The forces that be which govern Thailand acknowledge the importance of Information Technology and how it can be utilized for social and economic benefits.
Complementary to this vision of an 'e-enabled' nation is the necessity of building up a strong security and legal infrastructure.
To this end, the Public Key Infrastructure Task Force (PKITF) was set up under the auspices of the National Electronics and Computer Technology Center (NECTEC). The purpose of the organization was to explore the use of Public-key technology to provide IT security services to Thai government agencies. PKITF pays special attention to both technical and policy aspects of Public-Key technology deployment.
In particular, the PKITF emphasized the following objectives:
- Research and develop technologies related to PKI implementation such as cryptograpy, time stamping, key exchange.
- Research on policy issues crucial to PKI deployments such as key recovery, trust model, certificate policy.
- Create public awareness on information security.
Thailand embarked on the formation of IT legal infrastructure by legislating six new laws through the IT Law Development Project, which was approved by the Cabinet in December 1988. The aim of this set of laws was to promote confidence amongst foreign investors looking for business opportunities in Thailand.
The conceptual framework of the six IT laws is briefly described as follows:
- Electronic Transactions Law - recognizes the legal effect of electronic data messages by treating them as being the equivalent to writing or evidence in writing.
- Electronic Signatures Law - defines the electronic equivalence of digital signatures.
- Universal Access Law (Bylaw of Section 78 of the Constitution) - creates an equitable information society by providing information infrastructure thoroughly and equally throughout the country.
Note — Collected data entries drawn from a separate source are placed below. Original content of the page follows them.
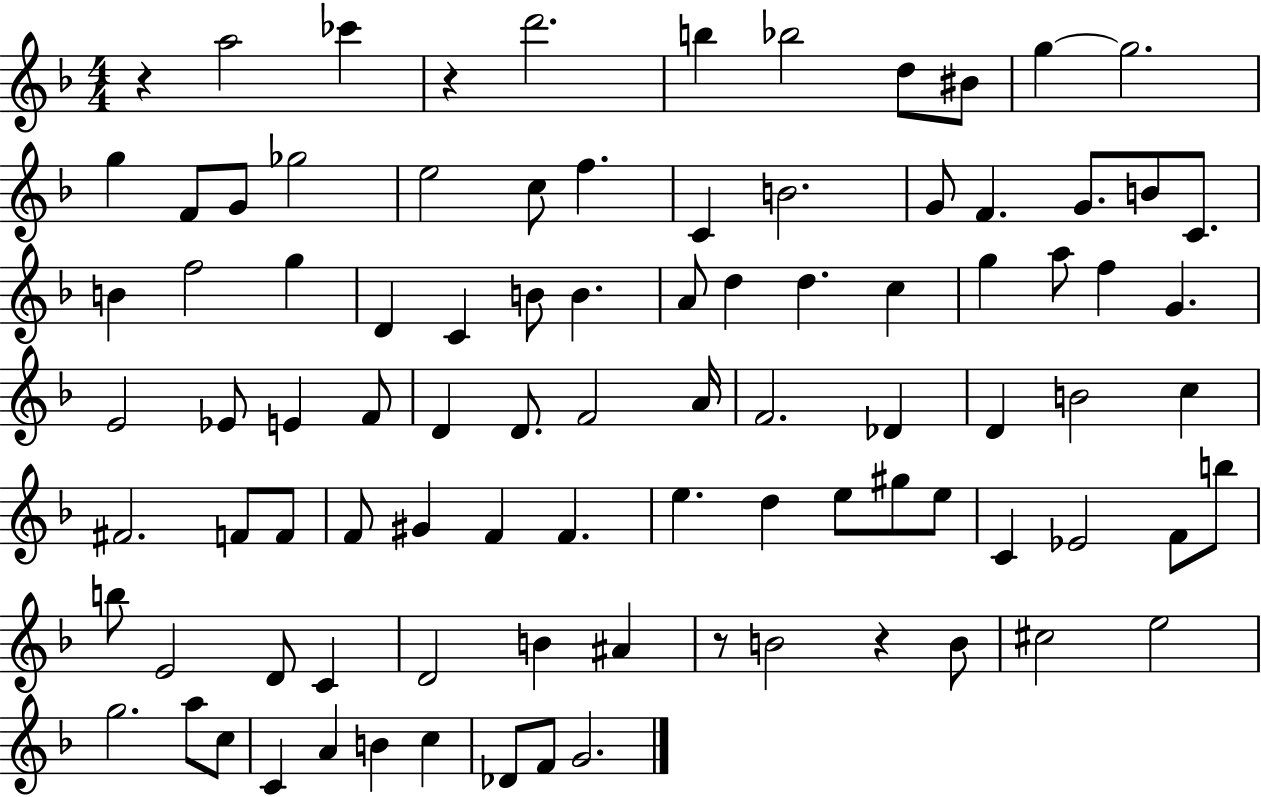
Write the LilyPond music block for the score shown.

{
  \clef treble
  \numericTimeSignature
  \time 4/4
  \key f \major
  r4 a''2 ces'''4 | r4 d'''2. | b''4 bes''2 d''8 bis'8 | g''4~~ g''2. | \break g''4 f'8 g'8 ges''2 | e''2 c''8 f''4. | c'4 b'2. | g'8 f'4. g'8. b'8 c'8. | \break b'4 f''2 g''4 | d'4 c'4 b'8 b'4. | a'8 d''4 d''4. c''4 | g''4 a''8 f''4 g'4. | \break e'2 ees'8 e'4 f'8 | d'4 d'8. f'2 a'16 | f'2. des'4 | d'4 b'2 c''4 | \break fis'2. f'8 f'8 | f'8 gis'4 f'4 f'4. | e''4. d''4 e''8 gis''8 e''8 | c'4 ees'2 f'8 b''8 | \break b''8 e'2 d'8 c'4 | d'2 b'4 ais'4 | r8 b'2 r4 b'8 | cis''2 e''2 | \break g''2. a''8 c''8 | c'4 a'4 b'4 c''4 | des'8 f'8 g'2. | \bar "|."
}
- Computer Crime Law - addresses criminal law on types of offences against computer systems, networks, data and other types of similar misuses.
- Data Protection Law - protects rights of privacy in the information society.
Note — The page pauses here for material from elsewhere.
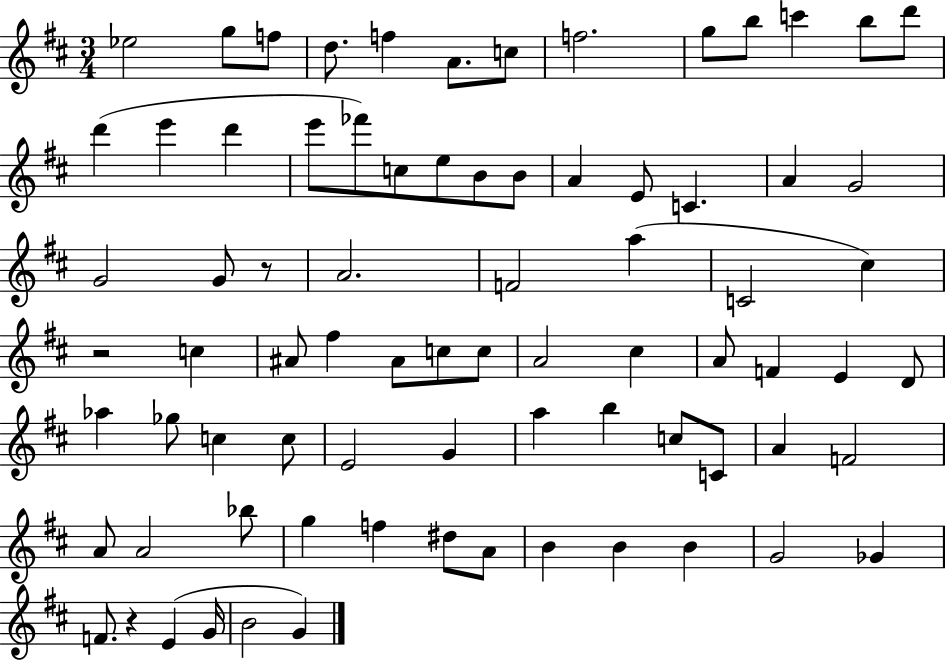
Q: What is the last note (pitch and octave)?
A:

- Electronic Funds Transfer Law - facilitates electronic funds transfer among financial and related institutions as well as on the customer level.
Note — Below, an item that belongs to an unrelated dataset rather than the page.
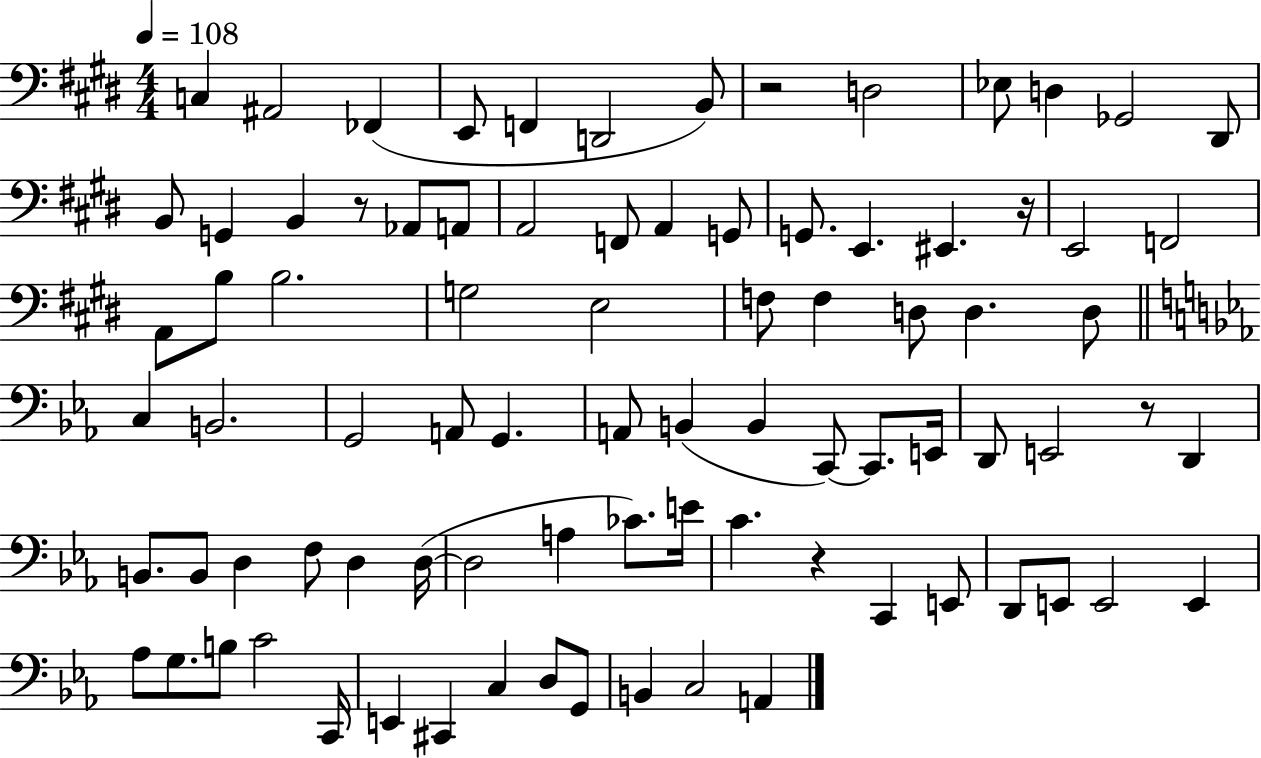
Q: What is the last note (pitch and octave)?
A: A2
There are three other IT laws currently in the drafting process, and are expected to be completed by the year 2001.
Certification Authorities (CA)
Early PKI implementation in Thailand started with pilot projects to introduce secured electronic mail (using digital identities). A pilot CA was set up to support the use of digital signature. In addition to secured e-mail in government offices, it was employed in another two projects: the electronic notification of cabinet resolutions in format via network; and the paperless cabinet meeting currently in use.
Thailand’s PKI-related initiatives started over two years ago with its bid to be an e-government, through the establishment of the Government Information Technology Services (GITS) program. A team of researchers, engineers and technical staff formed the PKI Information Security Department under GITS to begin the investigation of PKI and other security technologies. One of this department’s main services is running CA operations.
GITS is expected to have a CA service for all government agencies in full operation around mid-2001. More anticipated applications to be integrated with PKI/CA are those for use in e-government, for example, the secured government data infrastructure, official document registration system, on-line e-procurement, payment gateway, on-line services such as tax filing and payment, vehicle and land registration.
Besides the government initiatives, private agencies have been established as well. The Thai Digital ID Co., Ltd (TDID) was established by the collaboration between Processing Center Company Limited (PCC) and the Telephone Organization of Thailand (TOT), focusing on CA hosting.
The first CA service introduced by TDID was the PCC Digital ID, which aims to allow users to make online inter-bank fund transfers through an e-payment system.
Local PKI Applications
Within the government, the GITS program employs the most prominent use of PKI. The main GITS network service is a nation-wide high-capacity network called the Government Information Network (or GINet). GINet is the network that links the government headquarters (in Bangkok) and their branches in Bangkok as well as provincial offices.
Virtual private networks (VPNs) are implemented to provide value-added services for all users. Parallel to such services is the implementation of PKI to provide proper protocols for safe data transfer and access. In order to make official transactions possible on GINet with security and full audit trails, users of GINet are provided with the relevant public key infrastructure, electronic authentication and digital authorization.